Heretofore, the integrity of a cement sheath has been determined through the use of a so-called cement bond long. A cement bond log (or CBL) uses an acoustic signal that is transmitted by a logging tool at the end of a wireline. The logging tool includes a transmitter, and then a receiver that “listens” for sound waves generated by the transmitter through the surrounding casing strings. The logging tool includes a signal processor that takes a continuous measurement of the amplitude of sound pulses from the transmitter to the receiver.
The theory behind the CBL is that the sound pulses will generally have a consistent amplitude when pulses are sent at the same frequency. However, if a section of pipe is not fully cemented in place, meaning that a gap exists in the cement sheath, the steel material making up the casing string will have more of a “ring” in response to the acoustic signal. This will manifest itself in the form of a greater amplitude of the sound pulses. Bond logs may also measure acoustic impedance of the cement or other material in the annulus behind the casing by resonant frequency decay.
Cement bond logs are typically run after a casing string has been cemented in placed within the wellbore. However, it is desirable to be able to evaluate the integrity of the cement sheath behind the casing string immediately after the cementing operation has been conducted and without need for a wireline or separate logging tool. Further, it is desirable to determine the progress of cement placement during the cementing operation using a series of communications nodes placed along the casing string as part of the well completion.
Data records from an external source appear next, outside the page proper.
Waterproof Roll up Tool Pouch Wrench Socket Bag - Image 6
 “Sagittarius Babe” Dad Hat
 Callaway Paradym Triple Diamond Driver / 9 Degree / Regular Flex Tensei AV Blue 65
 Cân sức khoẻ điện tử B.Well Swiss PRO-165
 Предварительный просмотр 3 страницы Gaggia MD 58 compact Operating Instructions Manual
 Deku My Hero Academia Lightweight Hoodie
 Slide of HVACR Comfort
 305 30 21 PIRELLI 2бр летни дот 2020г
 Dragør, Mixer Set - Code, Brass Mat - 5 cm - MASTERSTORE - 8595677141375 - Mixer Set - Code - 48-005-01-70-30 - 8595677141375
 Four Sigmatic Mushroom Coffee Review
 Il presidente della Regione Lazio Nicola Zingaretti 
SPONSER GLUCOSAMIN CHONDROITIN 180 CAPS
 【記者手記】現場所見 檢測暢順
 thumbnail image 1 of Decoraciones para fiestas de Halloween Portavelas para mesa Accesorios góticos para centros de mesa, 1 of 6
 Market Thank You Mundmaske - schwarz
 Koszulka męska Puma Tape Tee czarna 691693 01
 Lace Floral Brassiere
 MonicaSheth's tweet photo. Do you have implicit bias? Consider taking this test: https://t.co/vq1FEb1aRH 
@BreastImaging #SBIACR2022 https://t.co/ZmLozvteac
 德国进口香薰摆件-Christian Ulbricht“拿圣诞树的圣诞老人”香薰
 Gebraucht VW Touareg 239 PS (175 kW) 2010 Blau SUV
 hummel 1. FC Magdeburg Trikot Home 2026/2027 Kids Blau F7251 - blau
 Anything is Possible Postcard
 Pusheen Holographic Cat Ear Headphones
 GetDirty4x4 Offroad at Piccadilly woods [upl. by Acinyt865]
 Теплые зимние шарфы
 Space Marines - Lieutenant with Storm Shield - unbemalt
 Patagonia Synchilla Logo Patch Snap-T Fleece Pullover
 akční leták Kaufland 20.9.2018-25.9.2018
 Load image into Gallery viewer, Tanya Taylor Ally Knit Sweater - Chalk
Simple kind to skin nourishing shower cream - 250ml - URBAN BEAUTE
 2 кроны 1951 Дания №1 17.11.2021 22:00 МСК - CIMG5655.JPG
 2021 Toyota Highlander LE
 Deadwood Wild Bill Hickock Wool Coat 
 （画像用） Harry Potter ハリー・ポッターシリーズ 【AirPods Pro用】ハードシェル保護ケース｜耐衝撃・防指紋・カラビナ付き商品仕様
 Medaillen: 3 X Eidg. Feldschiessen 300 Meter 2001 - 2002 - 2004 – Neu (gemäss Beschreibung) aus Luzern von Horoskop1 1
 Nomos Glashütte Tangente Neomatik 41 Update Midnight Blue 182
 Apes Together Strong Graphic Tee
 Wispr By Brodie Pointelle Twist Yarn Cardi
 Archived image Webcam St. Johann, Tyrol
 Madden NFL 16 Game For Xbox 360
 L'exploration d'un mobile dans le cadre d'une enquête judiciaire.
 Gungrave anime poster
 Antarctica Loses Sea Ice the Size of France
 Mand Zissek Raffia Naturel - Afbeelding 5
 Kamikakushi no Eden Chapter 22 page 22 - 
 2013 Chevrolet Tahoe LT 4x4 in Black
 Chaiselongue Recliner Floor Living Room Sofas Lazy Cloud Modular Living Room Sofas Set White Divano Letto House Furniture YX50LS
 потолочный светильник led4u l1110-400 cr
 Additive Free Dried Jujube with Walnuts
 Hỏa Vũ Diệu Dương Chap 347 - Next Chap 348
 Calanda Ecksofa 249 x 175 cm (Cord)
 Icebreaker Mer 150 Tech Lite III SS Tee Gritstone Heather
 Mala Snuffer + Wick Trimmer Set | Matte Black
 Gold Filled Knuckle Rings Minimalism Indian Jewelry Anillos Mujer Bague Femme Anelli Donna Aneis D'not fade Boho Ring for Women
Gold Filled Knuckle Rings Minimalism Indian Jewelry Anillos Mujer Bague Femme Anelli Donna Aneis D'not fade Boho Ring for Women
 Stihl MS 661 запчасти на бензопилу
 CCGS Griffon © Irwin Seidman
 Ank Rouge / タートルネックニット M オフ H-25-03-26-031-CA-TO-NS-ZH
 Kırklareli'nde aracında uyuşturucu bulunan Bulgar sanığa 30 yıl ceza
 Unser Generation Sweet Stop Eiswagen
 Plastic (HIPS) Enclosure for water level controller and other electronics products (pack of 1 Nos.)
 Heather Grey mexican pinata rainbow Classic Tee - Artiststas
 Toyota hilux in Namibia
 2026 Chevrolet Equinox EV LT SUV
Another issue encountered during cementing operations relates to a so-called trapped annulus. A trapped annulus occurs when the fluid behind a casing string becomes sealed under pressure. This can be caused by cement or settled mud solids extending above the shoe of the outer string of casing while the top of the annulus is sealed by the design of the wellhead. When the fluid inside a trapped annulus is later heated by the production of reservoir fluids, the pressure in the annulus builds. This pressure can exceed the pressure rating of the inner string of casing. This, in turn, can lead to pipe collapse or even well failure.
Annular pressure cannot be detected using a CBL log. Further, in the context of subsea wells, subsea annular pressure generally cannot be monitored with permanent downhole pressure gauges that communicate information back to the surface using wires or cables. This is because electrical and optical conduits generally should not be passed through a subsea wellhead. Accordingly, a need exists for a wireless sensor network, such as an acoustic telemetry system, that enables the operator to receive signals from sensors along the casing, and to also transmit signals to a tool in a subsea well using high data transmission rates. Such signals are indicative of an annular condition, both at the time of cementing and shortly after completion.